Ammo is scarce and so are the materials so you need to take things slowly and not spray and pray into a flying Demon in the distance. I played on the middle difficulty and still struggled a bit and the game does not hold your hand all the time. This is in major contrast to the like of Far Cry New Dawn that simply could not get this survival and crafting system right.
Weapons in the game can be modified with various attachments to suit your playstyle. You can salvage attachments off of other weapons either dropped in the world or taken off dead enemies and use the workbench to equip and alter them as you go. Artyom also has a backpack that acts as a workbench to a certain extent. You can clean your weapons and craft throwables and ammo but anything major such as equipping a new and improved gas mask needs to be done at one of the various safehouse workbenches or back on the Aurora.
There are also various gear upgrades to find at either infiltrating a gang hideout or doing a sidequest across each hub you explore, putting a great emphasis on exploration.

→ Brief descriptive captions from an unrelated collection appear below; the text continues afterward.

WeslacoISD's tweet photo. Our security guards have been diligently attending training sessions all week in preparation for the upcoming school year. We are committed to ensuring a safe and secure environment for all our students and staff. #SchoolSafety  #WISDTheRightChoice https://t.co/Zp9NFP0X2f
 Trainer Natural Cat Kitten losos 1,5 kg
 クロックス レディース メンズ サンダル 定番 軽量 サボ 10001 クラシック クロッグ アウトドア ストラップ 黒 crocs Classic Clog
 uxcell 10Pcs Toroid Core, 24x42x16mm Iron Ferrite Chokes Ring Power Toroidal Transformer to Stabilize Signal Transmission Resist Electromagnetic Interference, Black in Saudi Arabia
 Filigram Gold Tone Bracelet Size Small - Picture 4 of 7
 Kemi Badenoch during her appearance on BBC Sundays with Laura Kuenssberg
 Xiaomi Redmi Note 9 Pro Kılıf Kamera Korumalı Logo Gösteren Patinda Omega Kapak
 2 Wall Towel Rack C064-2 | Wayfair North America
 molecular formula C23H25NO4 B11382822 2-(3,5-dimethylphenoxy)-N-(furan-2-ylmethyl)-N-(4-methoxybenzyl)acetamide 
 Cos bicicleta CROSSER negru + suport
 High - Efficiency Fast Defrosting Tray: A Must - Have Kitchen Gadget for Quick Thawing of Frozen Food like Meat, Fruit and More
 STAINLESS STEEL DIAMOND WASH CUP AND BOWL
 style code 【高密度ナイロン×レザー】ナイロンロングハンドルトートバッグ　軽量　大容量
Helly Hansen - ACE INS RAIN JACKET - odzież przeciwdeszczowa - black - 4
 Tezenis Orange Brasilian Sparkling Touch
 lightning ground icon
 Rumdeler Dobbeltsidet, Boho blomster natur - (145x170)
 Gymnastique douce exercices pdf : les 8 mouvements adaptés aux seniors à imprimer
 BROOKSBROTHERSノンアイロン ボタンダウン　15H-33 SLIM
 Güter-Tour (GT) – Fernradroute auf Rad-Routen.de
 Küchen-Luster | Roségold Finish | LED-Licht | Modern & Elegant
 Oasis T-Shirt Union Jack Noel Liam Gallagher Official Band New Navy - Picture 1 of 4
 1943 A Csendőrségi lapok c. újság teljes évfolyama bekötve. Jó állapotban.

It makes for a great way to see each of these hubs, meet new people, listen to their tales and get new loot and salvage.
The first hour or so of Metro Exodus was rather intimidating but soon after, things slowly made sense. The survival mechanics in place work and taking on enemies be it silently or loud is a challenge that you need to prepare for and the game just works flawlessly. Just when I thought I was a pro, I faced a lightning Demon that shocked me to death in one shot or a bandit that shot me in the face with a shotgun because I did not put out the candle next to me and he saw me in the light. The game constantly throws these challenges at you and it stays refreshing and rewarding throughout.
Metro Exodus proved to me that you can have a great post-apocalyptic shooter driven by a deep story, fantastic characters, great survival mechanics and a gorgeous world to explore all in one visually captivating package. It makes Fallout 76 look like a nursery school drawing and puts a lot of games to shame. It is one of the best horror games I have played in a really long time and deserves everyone’s attention.